Implementation:ArroyoSystems Arroyo Node Server
| Knowledge Sources | |
|---|---|
| Domains | Streaming, Distributed, ProcessManagement |
| Last Updated | 2026-02-08 08:00 GMT |
Overview
Implements the NodeServer, a gRPC service that manages the lifecycle of Arroyo worker processes on a single machine, including process spawning, heartbeating, graceful/forced shutdown, and worker status tracking.
Description
The NodeServer runs on each machine in an Arroyo cluster and is responsible for:
- Worker lifecycle -- Starting worker processes via start_worker (spawns the current binary with "worker" subcommand and appropriate environment variables), stopping workers via stop_worker (sends SIGTERM, waits, then SIGKILL), and tracking worker status.
- Controller registration -- On startup, start registers the node with the controller via the register_node gRPC call, providing machine_id, task_slots, and gRPC address. It then runs a periodic heartbeat loop.
- Worker monitoring -- A background task monitors each spawned child process. When a worker exits, it reports to the controller via worker_finished and updates the WORKERS Prometheus gauge.
- gRPC interface -- Implements NodeGrpc with StartWorker, StopWorker, GetWorkers, and HeartbeatNode endpoints. StopWorker supports a "force" mode with escalating signals (SIGTERM, then SIGKILL after 5 seconds) and a "finished" query mode.
- WorkerStatus -- Tracks each worker's name, job_id, allocated slots, running state, and PID.

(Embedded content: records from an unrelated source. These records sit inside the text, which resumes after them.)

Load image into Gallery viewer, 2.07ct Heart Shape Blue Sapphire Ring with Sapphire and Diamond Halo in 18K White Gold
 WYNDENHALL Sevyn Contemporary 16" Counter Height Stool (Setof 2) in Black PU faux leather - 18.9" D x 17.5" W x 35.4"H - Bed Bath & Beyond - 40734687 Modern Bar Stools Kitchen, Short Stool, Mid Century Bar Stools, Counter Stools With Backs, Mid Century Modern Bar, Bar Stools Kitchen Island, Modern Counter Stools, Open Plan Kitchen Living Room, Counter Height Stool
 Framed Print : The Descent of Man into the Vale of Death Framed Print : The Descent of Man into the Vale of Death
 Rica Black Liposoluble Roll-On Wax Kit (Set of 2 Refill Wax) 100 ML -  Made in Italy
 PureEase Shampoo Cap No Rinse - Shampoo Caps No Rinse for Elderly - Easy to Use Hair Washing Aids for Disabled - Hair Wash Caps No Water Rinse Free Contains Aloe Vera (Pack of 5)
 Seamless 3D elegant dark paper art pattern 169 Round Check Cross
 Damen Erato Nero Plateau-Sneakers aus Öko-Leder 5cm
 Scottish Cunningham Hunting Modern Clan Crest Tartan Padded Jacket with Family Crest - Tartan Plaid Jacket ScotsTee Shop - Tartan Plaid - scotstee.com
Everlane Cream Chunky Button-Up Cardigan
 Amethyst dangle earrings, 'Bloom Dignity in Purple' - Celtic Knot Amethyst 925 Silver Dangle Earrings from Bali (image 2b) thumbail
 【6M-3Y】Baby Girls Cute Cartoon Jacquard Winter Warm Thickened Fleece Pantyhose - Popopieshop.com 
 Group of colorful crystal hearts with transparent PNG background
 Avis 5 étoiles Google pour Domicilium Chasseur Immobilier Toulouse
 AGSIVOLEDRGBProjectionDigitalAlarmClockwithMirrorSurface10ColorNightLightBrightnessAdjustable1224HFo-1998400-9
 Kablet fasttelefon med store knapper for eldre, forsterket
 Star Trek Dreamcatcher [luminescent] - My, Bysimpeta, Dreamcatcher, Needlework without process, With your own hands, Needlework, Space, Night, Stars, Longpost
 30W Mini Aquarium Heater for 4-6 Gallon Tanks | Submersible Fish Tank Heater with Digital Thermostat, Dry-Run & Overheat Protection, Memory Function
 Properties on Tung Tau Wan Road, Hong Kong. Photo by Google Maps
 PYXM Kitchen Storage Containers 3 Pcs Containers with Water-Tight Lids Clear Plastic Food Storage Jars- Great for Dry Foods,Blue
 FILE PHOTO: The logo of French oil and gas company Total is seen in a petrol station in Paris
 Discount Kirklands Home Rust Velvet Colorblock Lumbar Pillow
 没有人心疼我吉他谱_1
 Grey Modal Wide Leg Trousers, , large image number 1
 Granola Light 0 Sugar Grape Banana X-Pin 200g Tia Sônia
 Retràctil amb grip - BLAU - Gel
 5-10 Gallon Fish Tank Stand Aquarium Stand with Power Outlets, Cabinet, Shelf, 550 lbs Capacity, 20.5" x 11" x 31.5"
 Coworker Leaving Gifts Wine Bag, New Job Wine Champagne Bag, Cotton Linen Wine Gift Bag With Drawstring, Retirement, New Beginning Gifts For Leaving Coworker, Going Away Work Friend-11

The node manages workers as a HashMap<WorkerId, WorkerStatus> behind an Arc<Mutex<...>>. Worker IDs are randomly generated u64 values.
Usage
NodeServer is the main entry point for the "arroyo node" binary. The controller communicates with it to orchestrate worker placement across the cluster.
Code Reference
Source Location
- Repository: ArroyoSystems_Arroyo
- File: crates/arroyo-node/src/lib.rs
Signature
pub struct NodeServer {
id: MachineId,
worker_finished_tx: Sender<WorkerFinishedReq>,
workers: Arc<Mutex<HashMap<WorkerId, WorkerStatus>>>,
}
impl NodeServer {
pub async fn start(self, shutdown_guard: ShutdownGuard) -> anyhow::Result<()>;
}
#[tonic::async_trait]
impl NodeGrpc for NodeServer {
async fn start_worker(&self, request: Request<StartWorkerReq>) -> Result<Response<StartWorkerResp>, Status>;
async fn stop_worker(&self, request: Request<StopWorkerReq>) -> Result<Response<StopWorkerResp>, Status>;
async fn get_workers(&self, request: Request<GetWorkersReq>) -> Result<Response<GetWorkersResp>, Status>;
async fn heartbeat_node(&self, request: Request<HeartbeatNodeReq>) -> Result<Response<()>, Status>;
}
Import
use arroyo_node::NodeServer;
I/O Contract
Inputs
| Name | Type | Required | Description |
|---|---|---|---|
| StartWorkerReq | protobuf | Yes | Job ID, machine ID, task slots, run ID, environment variables |
| StopWorkerReq | protobuf | Yes | Worker ID, job ID, force flag, and finish-check flag |
Outputs
| Name | Type | Description |
|---|---|---|
| StartWorkerResp | protobuf | Worker ID of the spawned worker process |
| StopWorkerResp | protobuf | Stop status: NotFound, Stopping, Stopped |
| GetWorkersResp | protobuf | List of WorkerInfo for all managed workers |
Usage Examples
use arroyo_node::NodeServer;
// Create and start the node server
let node = NodeServer::new(machine_id, worker_finished_tx);
node.start(shutdown_guard).await?;